Характерно: в камень, знак и образ безжизненного, входят как в жизнь, чтобы сердца, обветренные и окаменевшие в незащищенном пространстве, снова забились, выдалбливая в камне кров. Храм — это осердеченный камень, сердце, прикинувшееся метаморфической горной породой и, сверх того, еще и архитектурой , рассчитывая остаться неузнанным в мире истории и судьбы.
5.
Но скрыться от истории не удалось и в природе. Природа в конце концов оказалось столь же ненадежной, как и история. В постмодернистском мире нет больше места ни той, ни другой, потому что упразднение одной влечет за собой упразднение и другой. Руссоизм, а еще раньше пуританские грезы Беньяна, остались в прежнем отоснившемся мире, не утратившем еще упругость пружины и способном, даже после опаснейших растяжек, возвращаться к себе. Они надеялись, дезертировав из истории, обрести буколический покой в нетронутых историей уголках Нового Света, но the end of history не стал их триумфом, потому что вместе с историей в небытие проваливалась и природа, в которой ничто уже не напоминало о свирельных тонах Клода Лоррена и сиреневых мандельштамовских глинах. В постмодернистском мире история делается не мужчинами (по Трейчке), а репортерами, вовремя включившими камеры; соответственно, конец истории предестинируется уже не апокалипсисом, а севшими батарейками. Можно сожалеть о том, что богине Клио не выпала более достойная её участь, но было бы ошибкой думать, что природе в постмодернистском мире повезло больше. Если история уместилась в съемочных павильонах, то природа просто попала в голову физика, после того как этот последний потерял голову от сногсшибательной интеллигентности своих приборов.

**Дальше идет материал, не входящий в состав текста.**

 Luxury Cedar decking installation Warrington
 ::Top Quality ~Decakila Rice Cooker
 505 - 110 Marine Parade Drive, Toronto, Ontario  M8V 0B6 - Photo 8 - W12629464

Если сегодня всё еще путаются в определениях реального и виртуального, то это недоразумение извиняется просто недостаточным опытом. Великое переселение народов во Всемирную Паутину набирает темп, и гигабайтные пространства интернета осваиваются и заселяются современными киборгами-юзерами с не меньшей энергичностью, чем опустевшие миры вигвамов песни о Гайавате их алчными и набожными предками.

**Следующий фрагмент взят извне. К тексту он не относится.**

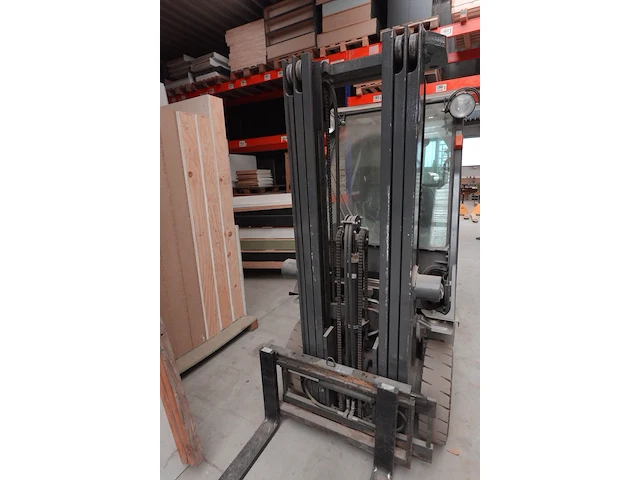 Heftruck nissan - afbeelding 5 van  10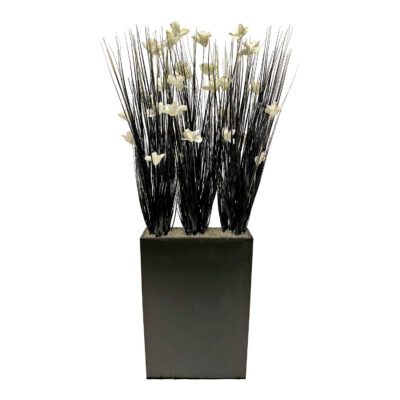 Blooming Black Grass Screen 5.8' - 7240105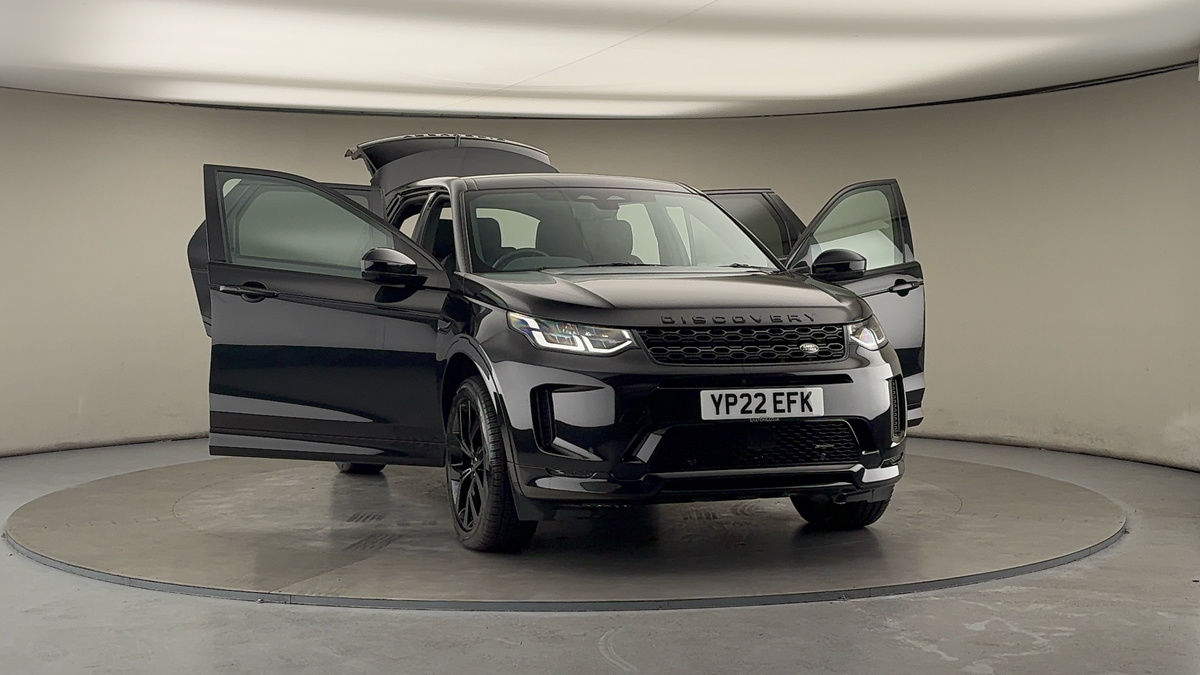 More views of Land Rover Discovery Sport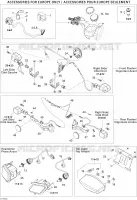 Electrical Accessories Euro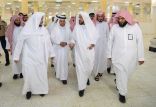 وزير الشؤون الإسلامية يدشّن مشاريع خدمية بـ 90 مليون ريال في المشاعر المقدسة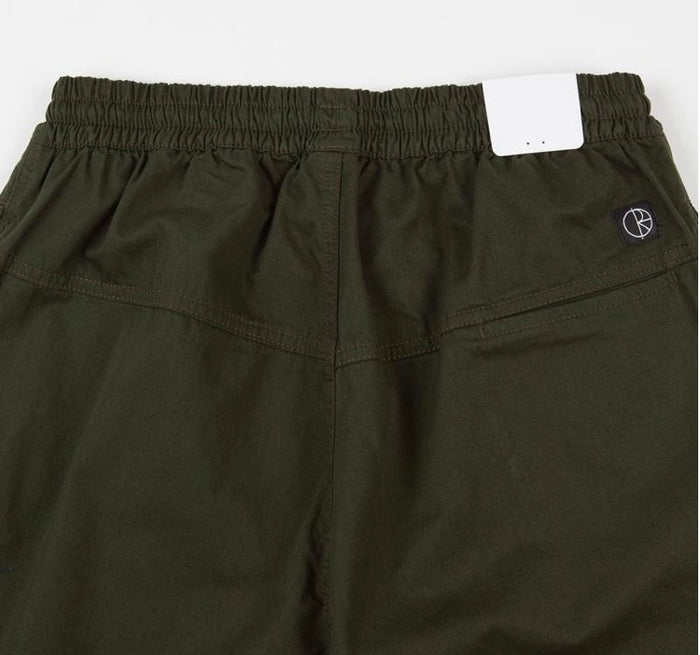 Surf Pants (Dark Olive)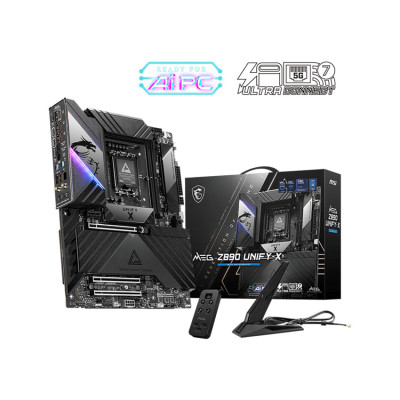 Bo Mạch Chủ Main MSI MEG Z890 UNIFY-X Socket LGA1851 - Hàng Chính Hãng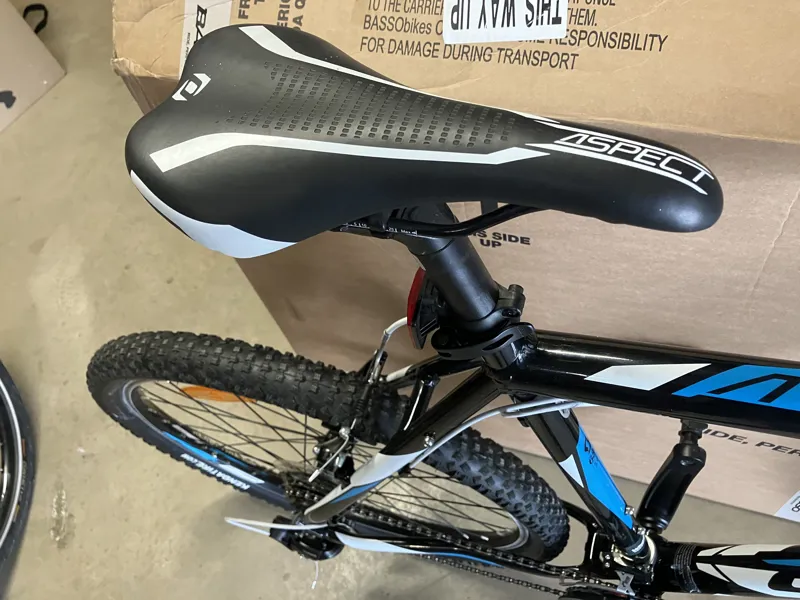 Scott Aspect 22 XL MTB good as new-7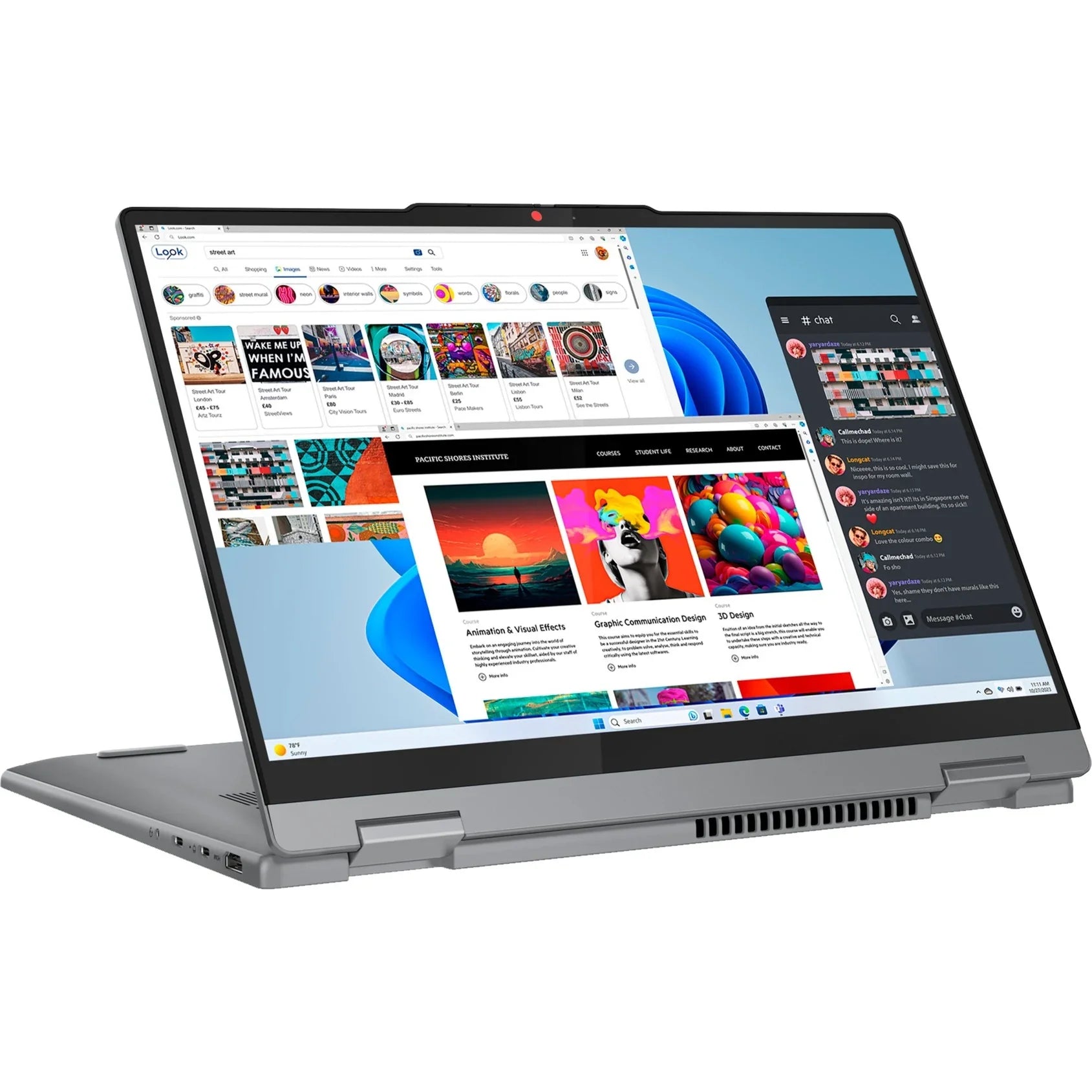 Lenovo IdeaPad 5 2-in-1 (16", Intel) jetzt für 799 € – Flexibles Notebook mit Touch & Stift-Support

Виртуальное и реальное ежесекундно меняются местами; то, что столь недавно еще было природой натуралистов, откликавшейся на линнеевские номенклатуры, всё больше походит на мираж и проходит по тому же ведомству, что и развалины Помпеи или остановленные мгновения-колонны Баальбека. Если природа, подражающая искусству в старом уайльдовском парадоксе, не была замечена учеными эстетиками, то, похоже, ей повезло с коммерсантами. Нужно только, чтобы она и на последнем издыхании ухитрялась подражать уже почившему искусству, став, как искусство, памятником, реликтом, раритетом, пережитком, продаваемым с молотка или охраняемым законом, короче: источником дохода. Прибыльность, этот прощальный миф «больного позднего потомства» , оказывается последним, на что ей приходится рассчитывать, чтобы не исчезнуть вконец. Наверное, в этом могла бы лежать и последняя надежда армянского храма.